The American Lung Association provides us with the following vital information in order to have an informed discussion with our children based on the facts.

What Are E-Cigarettes?

Electronic cigarettes, or e-cigarettes, include e-pens, e-pipes, e-hookah, and e-cigars are known collectively as ENDS – electronic nicotine delivery systems. According to the FDA, e-cigarettes are devices that allow users to inhale an aerosol containing nicotine or other substances.

Unlike traditional cigarettes, e-cigarettes are generally battery-operated and use a heating element to heat e-liquid from a refillable cartridge, releasing a chemical-filled aerosol.

What’s in E-Cigarettes?

The main component of e-cigarettes is the e-liquid contained in cartridges. To create an e-liquid, nicotine is extracted from tobacco and mixed with a base (usually propylene glycol), and may also include flavorings, colorings and other chemicals.

Are E-Cigarettes a Gateway to Youth Smoking?

The National Academies of Science, Engineering and Medicine concluded there is “substantial evidence” that if a youth or young adult uses an e-cigarette, they are at increased risk of using traditional cigarettes.

What Are the Health Consequences of E-Cigarette Use?

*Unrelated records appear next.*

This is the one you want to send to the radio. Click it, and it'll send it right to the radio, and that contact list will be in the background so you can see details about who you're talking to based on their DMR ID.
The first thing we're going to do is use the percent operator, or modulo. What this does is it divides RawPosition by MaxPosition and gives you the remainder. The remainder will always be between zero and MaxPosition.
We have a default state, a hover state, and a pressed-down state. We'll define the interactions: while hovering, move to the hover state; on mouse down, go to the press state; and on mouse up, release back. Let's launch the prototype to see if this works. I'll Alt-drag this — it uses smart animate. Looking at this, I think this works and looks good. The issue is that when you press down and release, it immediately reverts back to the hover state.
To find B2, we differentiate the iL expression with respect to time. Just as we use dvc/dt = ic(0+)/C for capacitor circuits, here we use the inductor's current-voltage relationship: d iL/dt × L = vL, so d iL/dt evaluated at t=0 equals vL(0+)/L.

A recent study from the University of North Carolina found that even in small doses, inhaling the two primary ingredients found in e-cigarettes – propylene glycol and vegetable glycerin – is likely to expose users to a high level of toxins and that the more ingredients a user is inhaling, the greater the toxicity.

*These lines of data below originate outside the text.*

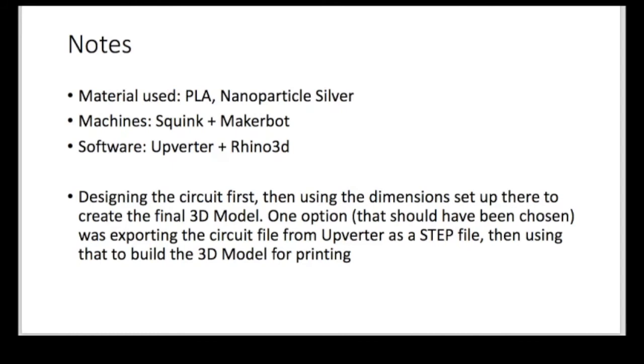And this is fairly straightforward. I didn't use anything more than Squink and MakerBot. I used Upverter for the design and Rhino 3D for the 3D model. I mean, I think having a pair of calipers to measure all the components or a data sheet of the components is very valuable. So you make sure that you have a space for everything.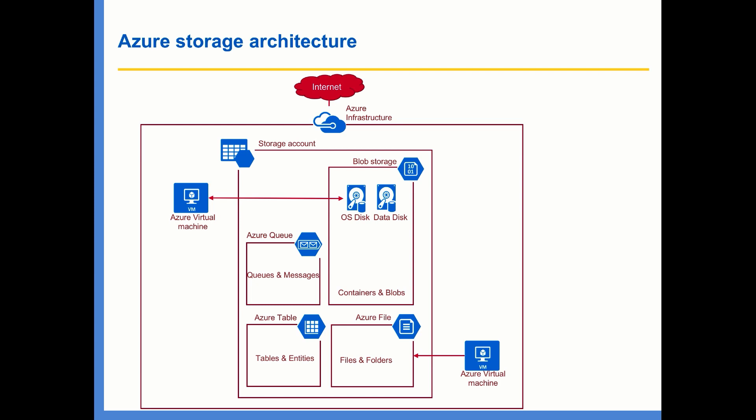This is one important point you need to remember. Whenever you create an Azure virtual machine, the disks associated with that virtual machine will be stored in a storage account, in particular within the blob storage as page blobs.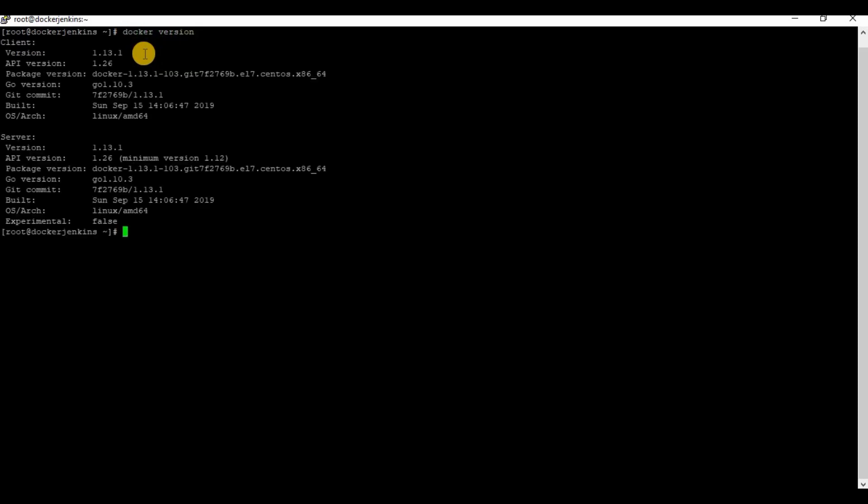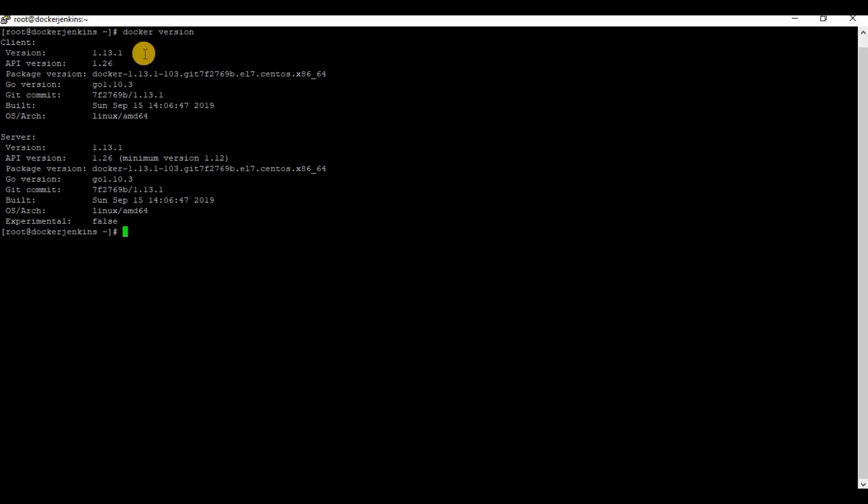Kindly subscribe to my channel and like the videos. Before starting up the setup for Docker Compose, let me show you the version of Docker running. Run the command 'docker version'. You can also run the command 'systemctl status docker' to get the details of the Docker engine.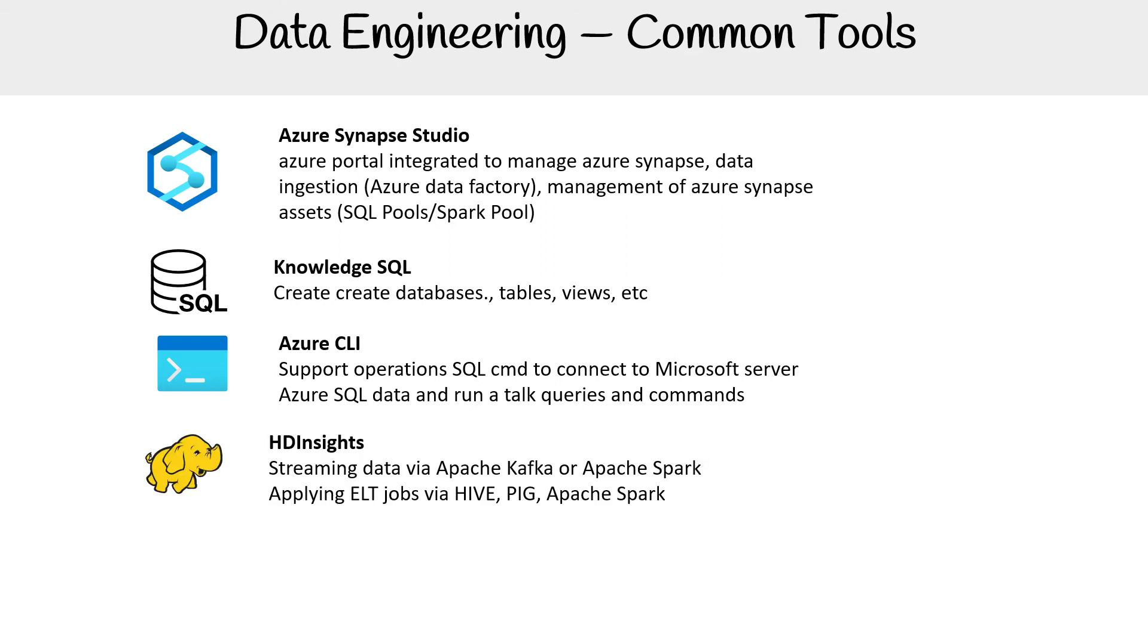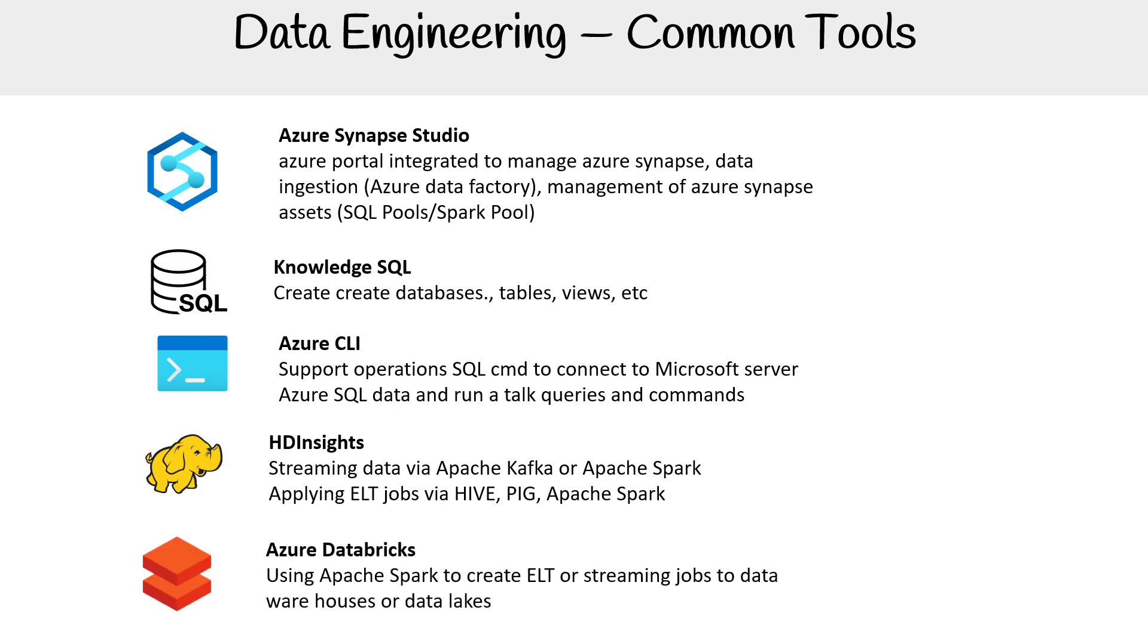I added these - they weren't in the common tools list prior, but I just added them now because I thought they were useful. So HD Insights, which we'd have for streaming data via Apache Kafka or Apache Spark, or applying ETL jobs via Hive, Pig, and Apache Spark.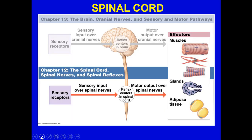This chapter focuses on the spinal cord, nerves, and reflexes. Chapter 13 deals with the brain, cranial nerves, and sensory and motor pathways. Once sensory input comes into the spinal cord, the output can affect a variety of effectors, including skeletal muscles, smooth muscles, cardiac muscles, glands, and adipose tissue.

The mid-to-long-term consequences of e-cigarettes are not yet known, as it’s a new product and has been sold for less than a decade in the U.S. While much remains to be determined about these lasting health consequences of these products, we are very troubled by what we see so far. The inhalation of harmful chemicals can cause irreversible lung damage and lung diseases.

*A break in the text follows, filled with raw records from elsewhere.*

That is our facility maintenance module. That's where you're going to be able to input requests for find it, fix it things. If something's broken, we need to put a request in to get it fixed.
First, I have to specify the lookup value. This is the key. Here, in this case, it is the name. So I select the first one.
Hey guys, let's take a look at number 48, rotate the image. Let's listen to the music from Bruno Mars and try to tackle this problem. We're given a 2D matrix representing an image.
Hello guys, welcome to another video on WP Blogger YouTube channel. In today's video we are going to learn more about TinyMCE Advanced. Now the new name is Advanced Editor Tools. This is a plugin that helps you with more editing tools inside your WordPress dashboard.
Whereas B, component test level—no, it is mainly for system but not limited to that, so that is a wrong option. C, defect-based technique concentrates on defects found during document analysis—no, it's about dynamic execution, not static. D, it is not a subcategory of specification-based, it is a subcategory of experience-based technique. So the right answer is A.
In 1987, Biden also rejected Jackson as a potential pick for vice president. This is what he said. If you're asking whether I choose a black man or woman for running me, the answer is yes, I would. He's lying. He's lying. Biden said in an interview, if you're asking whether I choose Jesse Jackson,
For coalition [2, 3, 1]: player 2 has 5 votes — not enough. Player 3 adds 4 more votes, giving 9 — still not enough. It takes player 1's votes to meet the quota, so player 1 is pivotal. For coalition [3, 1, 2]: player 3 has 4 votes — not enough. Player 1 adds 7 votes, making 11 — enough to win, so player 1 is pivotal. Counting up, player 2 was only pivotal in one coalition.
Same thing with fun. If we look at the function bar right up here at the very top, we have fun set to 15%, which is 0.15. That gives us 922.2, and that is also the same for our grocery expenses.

Can E-Cigarettes Help Smokers Quit?

The Food and Drug Administration has not found any e-cigarette to be safe and effective in helping smokers quit. If smokers are ready to quit smoking for good, they should call 1-800-QUITNOW or talk with their doctor about finding the best way to quit using proven methods and FDA-approved treatments and counseling.

How Can Smokers Quit?

The American Lung Association believes everyone who uses tobacco products can quit using methods that are proven safe and effective by the FDA, including the seven FDA-approved medications and individual, phone (available by calling 1-800-QUITNOW and 1-800-LUNGUSA) and group counseling (such as the Lung Association’s Freedom from SmokingĀ® program).

Are There Risks of Secondhand E-Cigarette Emissions?

In 2016, the Surgeon General concluded that secondhand emissions contain, “nicotine; ultrafine particles; flavorings such as diacetyl, a chemical linked to serious lung disease; volatile organic compounds such as benzene, which is found in car exhaust; and heavy metals, such as nickel, tin, and lead.”